*Task item*:
With the pictures excluded, reproduce all of the data exactly.

*Stored data*:
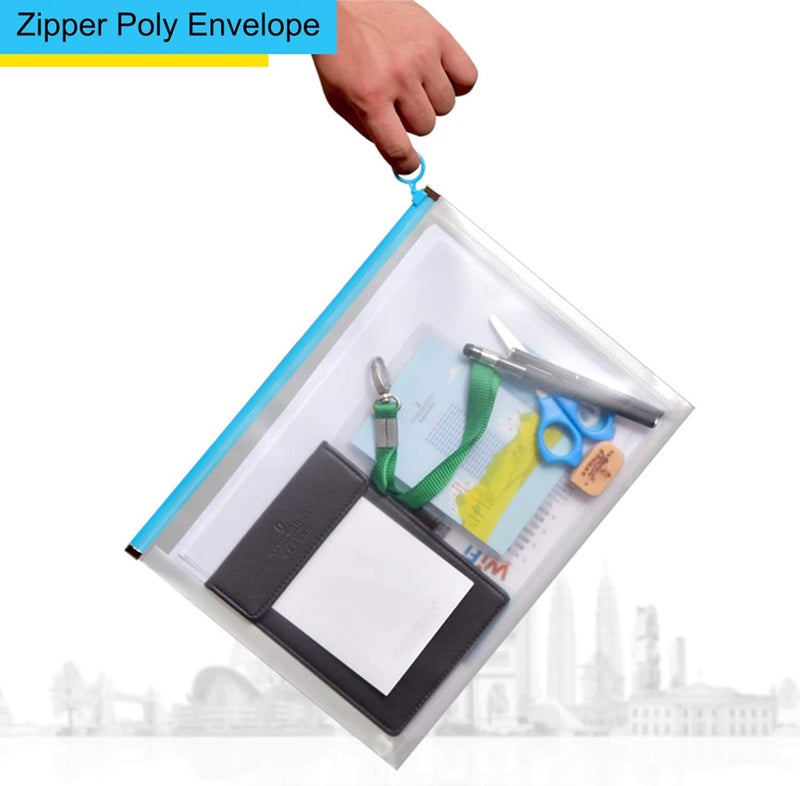 YESSART 9x12 Clear Zip Plastic Envelopes File Document Paper Holder Pack of 4 (4 Pack) - Image 4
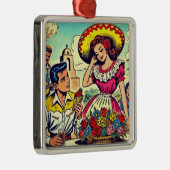 Retro Love Couple Comic Metalen Ornament (Rechts)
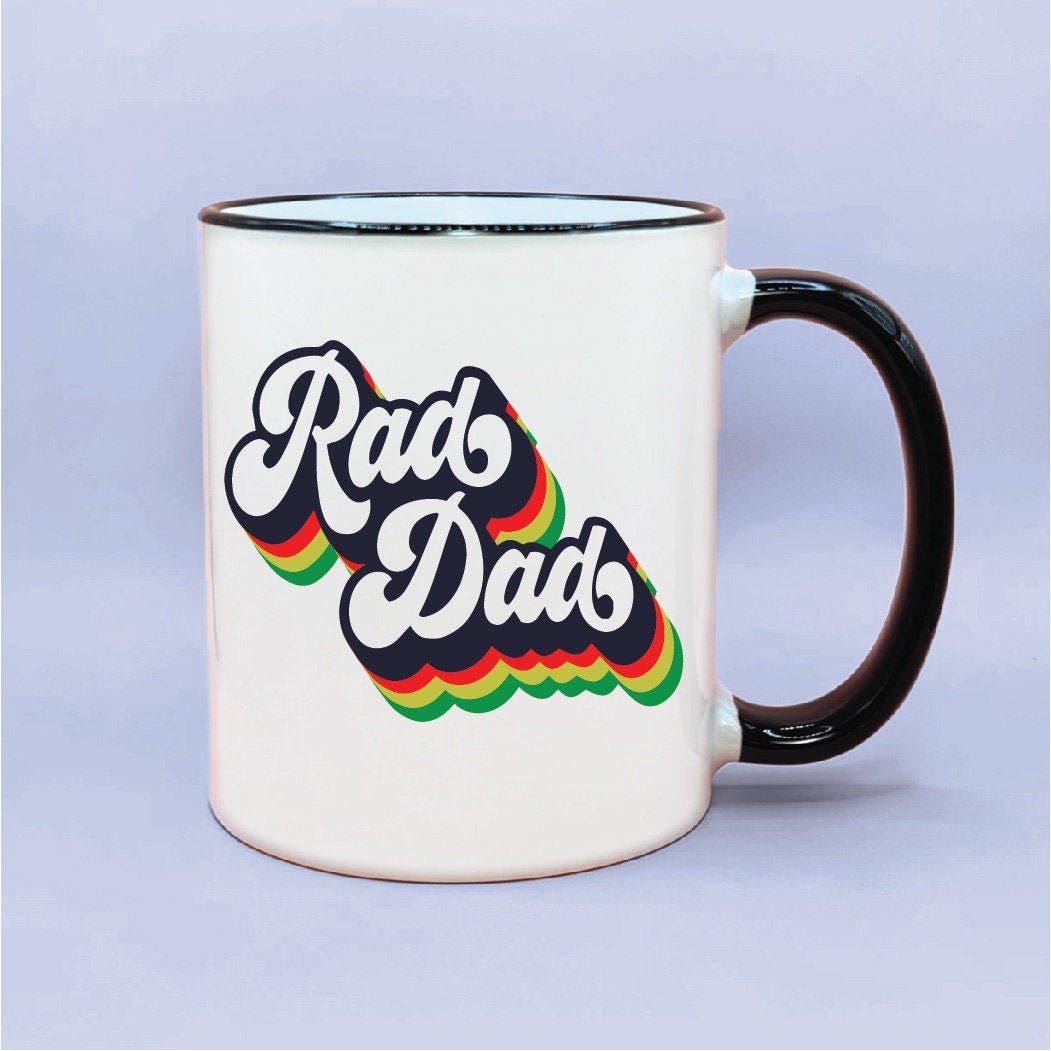Retro Rad Dad Coffee Mug, Funny Dad Mug, Funny Dad Gift Idea, Dad Birthday Gift Idea, Dad Gifting Ideas, New Dad Gift, Grandpa Cups, Dad Cup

*Your response*:
 YESSART 9x12 Clear Zip Plastic Envelopes File Document Paper Holder Pack of 4 (4 Pack) - Image 4
 Retro Love Couple Comic Metalen Ornament (Rechts)
Retro Rad Dad Coffee Mug, Funny Dad Mug, Funny Dad Gift Idea, Dad Birthday Gift Idea, Dad Gifting Ideas, New Dad Gift, Grandpa Cups, Dad Cup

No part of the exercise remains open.